BRIEF » Pictures must not appear in the copy. Reproduce exactly, and only, the lines from the one with "Ensamma barn i" through the end of the data below.

AVAILABLE DATA »
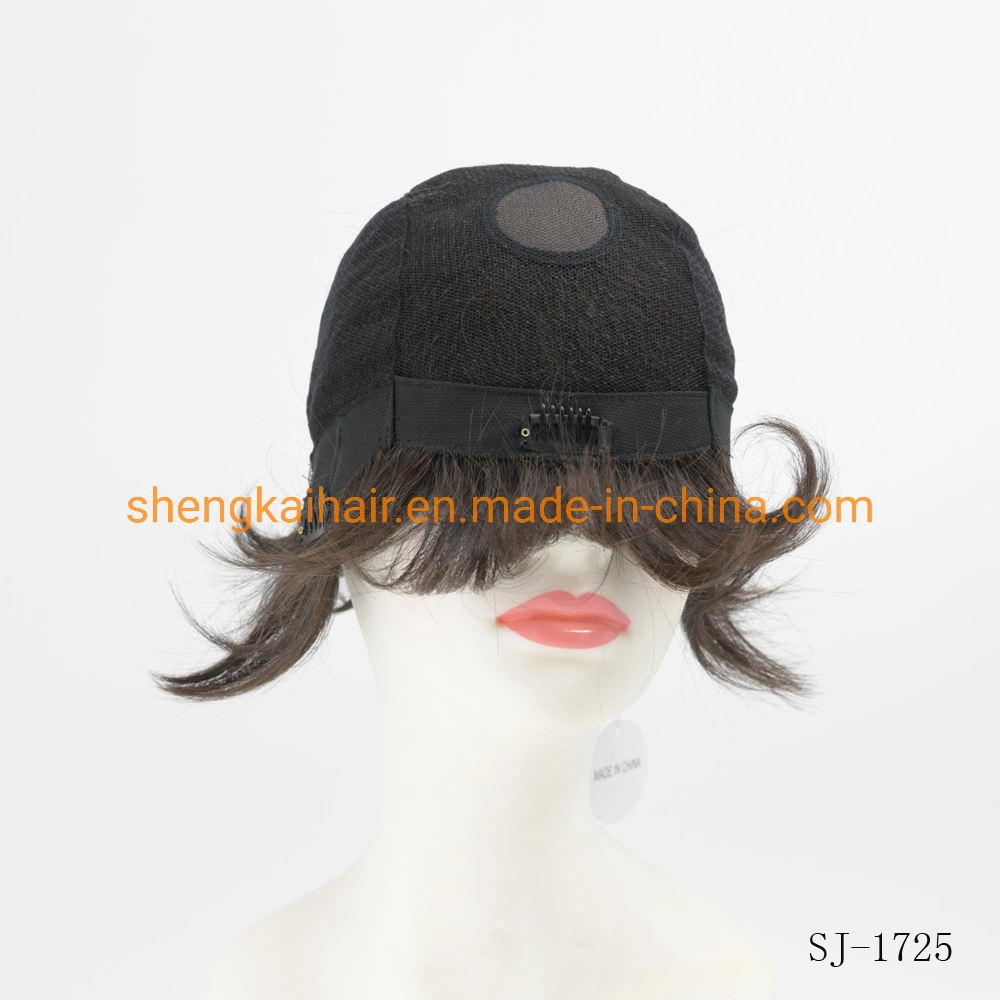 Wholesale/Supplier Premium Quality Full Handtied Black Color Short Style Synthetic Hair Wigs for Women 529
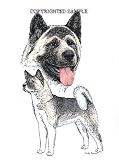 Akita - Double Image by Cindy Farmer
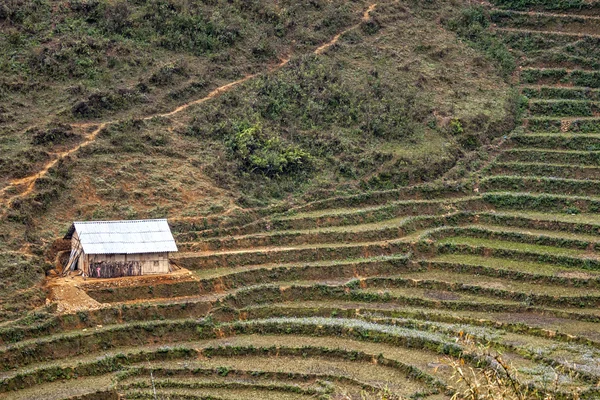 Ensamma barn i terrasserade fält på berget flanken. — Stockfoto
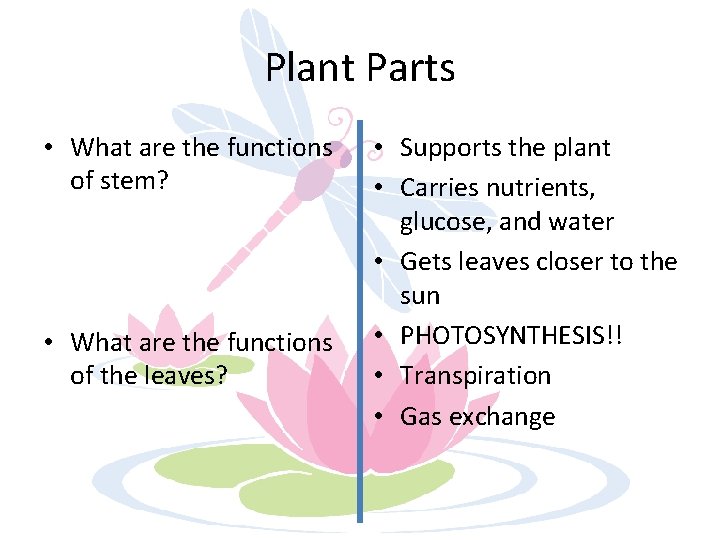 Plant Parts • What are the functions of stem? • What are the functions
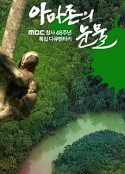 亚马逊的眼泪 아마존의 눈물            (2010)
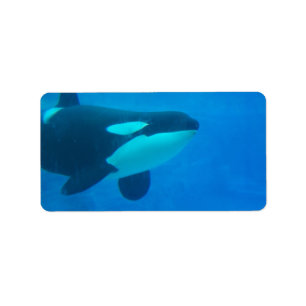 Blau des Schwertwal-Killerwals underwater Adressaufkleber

YOUR RESPONSE »
 Ensamma barn i terrasserade fält på berget flanken. — Stockfoto
 Plant Parts • What are the functions of stem? • What are the functions
 亚马逊的眼泪 아마존의 눈물            (2010)
 Blau des Schwertwal-Killerwals underwater Adressaufkleber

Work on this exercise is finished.